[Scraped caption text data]

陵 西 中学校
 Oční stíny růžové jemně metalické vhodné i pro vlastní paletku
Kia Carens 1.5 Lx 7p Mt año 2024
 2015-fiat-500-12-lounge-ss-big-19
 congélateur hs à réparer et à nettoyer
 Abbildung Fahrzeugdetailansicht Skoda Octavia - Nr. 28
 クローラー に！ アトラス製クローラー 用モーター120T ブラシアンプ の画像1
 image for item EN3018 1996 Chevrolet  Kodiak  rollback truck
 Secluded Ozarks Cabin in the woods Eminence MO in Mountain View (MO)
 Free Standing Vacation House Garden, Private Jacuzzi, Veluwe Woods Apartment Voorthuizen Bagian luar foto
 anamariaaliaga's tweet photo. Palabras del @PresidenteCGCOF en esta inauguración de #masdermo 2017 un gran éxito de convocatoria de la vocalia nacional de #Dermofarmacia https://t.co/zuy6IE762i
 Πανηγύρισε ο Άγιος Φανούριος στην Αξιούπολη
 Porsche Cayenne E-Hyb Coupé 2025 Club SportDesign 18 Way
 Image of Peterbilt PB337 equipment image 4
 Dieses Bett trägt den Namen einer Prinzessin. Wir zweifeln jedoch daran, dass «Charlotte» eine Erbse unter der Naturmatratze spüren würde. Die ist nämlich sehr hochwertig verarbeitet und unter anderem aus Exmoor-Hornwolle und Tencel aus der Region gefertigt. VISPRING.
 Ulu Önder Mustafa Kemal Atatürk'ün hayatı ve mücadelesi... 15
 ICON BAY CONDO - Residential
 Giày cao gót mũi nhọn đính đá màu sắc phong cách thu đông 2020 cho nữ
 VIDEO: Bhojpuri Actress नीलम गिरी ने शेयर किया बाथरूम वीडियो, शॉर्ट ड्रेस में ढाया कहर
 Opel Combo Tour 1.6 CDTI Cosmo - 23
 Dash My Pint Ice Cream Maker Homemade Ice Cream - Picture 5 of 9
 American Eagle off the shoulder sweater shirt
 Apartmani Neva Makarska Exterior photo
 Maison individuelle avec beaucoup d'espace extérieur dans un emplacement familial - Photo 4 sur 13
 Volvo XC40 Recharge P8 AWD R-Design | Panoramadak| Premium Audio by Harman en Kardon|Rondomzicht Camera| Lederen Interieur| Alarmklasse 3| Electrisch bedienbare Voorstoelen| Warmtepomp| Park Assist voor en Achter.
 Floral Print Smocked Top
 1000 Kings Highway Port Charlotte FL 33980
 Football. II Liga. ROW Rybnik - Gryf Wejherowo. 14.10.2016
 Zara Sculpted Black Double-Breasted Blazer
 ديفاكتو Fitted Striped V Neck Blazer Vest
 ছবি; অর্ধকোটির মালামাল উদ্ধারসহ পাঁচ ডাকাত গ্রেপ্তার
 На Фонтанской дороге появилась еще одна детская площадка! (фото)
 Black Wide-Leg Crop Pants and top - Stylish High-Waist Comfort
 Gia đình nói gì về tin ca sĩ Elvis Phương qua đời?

What the exercise asks: Go through the entries above and count the lines containing "Blazer". Give the number only.

Exercise response: 2